Pandas version checks

  • [X] I have checked that this issue has not already been reported.

  • [X] I have confirmed this bug exists on the latest version of pandas.

  • [X] I have confirmed this bug exists on the main branch of pandas.

Reproducible Example

Let's say I have a hdf5 and csv that contain a single column/dataset of equivalent string data. When I read it in via hdf5

foo = pd.DataFrame()
dataset = h5py.File(file)[column][:] # dtype = S10, length = 10 million
foo['a'] = dataset # dtype is still S10, described in issue #52617
foo['a'] = foo['a'].astype(object)

At this point, the memory explodes to something colossal.
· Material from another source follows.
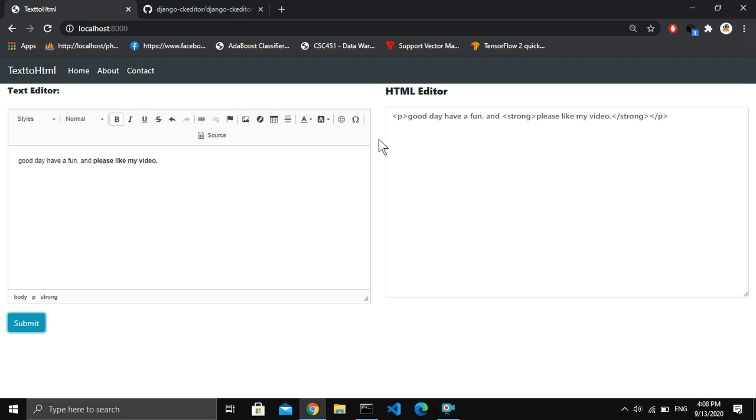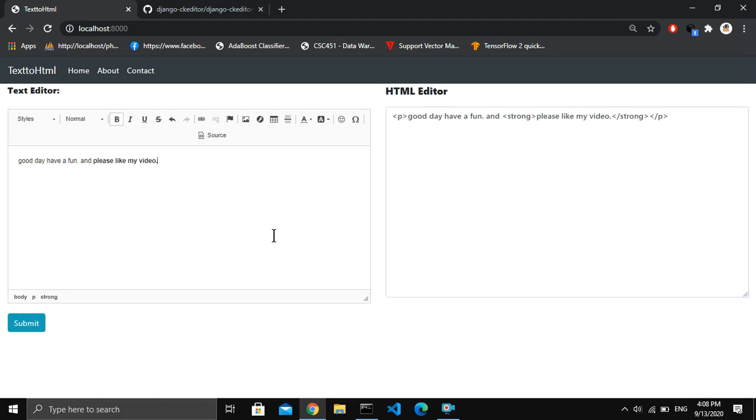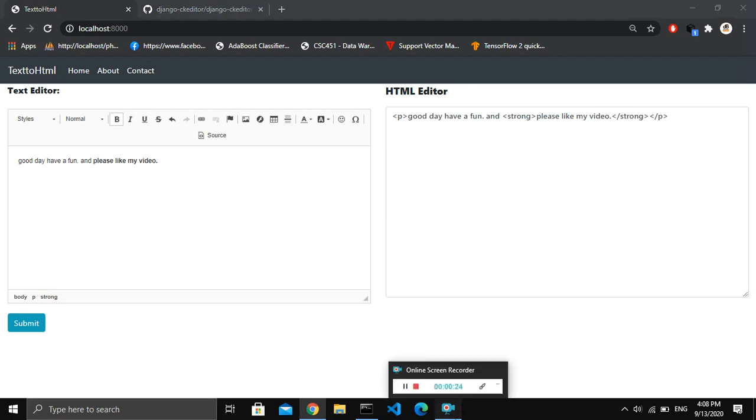Then here it will convert our text in the HTML format. So only this much for this video guys. I hope you like this video and thank you for watching.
By contrast, when I do

foo = pd.read_csv(large_file)

The memory stays really low, as though it is interning the strings in the read_csv codepath, or more likely it is doing some internal optimization such as column.astype(category).astype(object) for all the string columns.

Can you confirm whether this is true? If not, can you describe why there is a discrepancy?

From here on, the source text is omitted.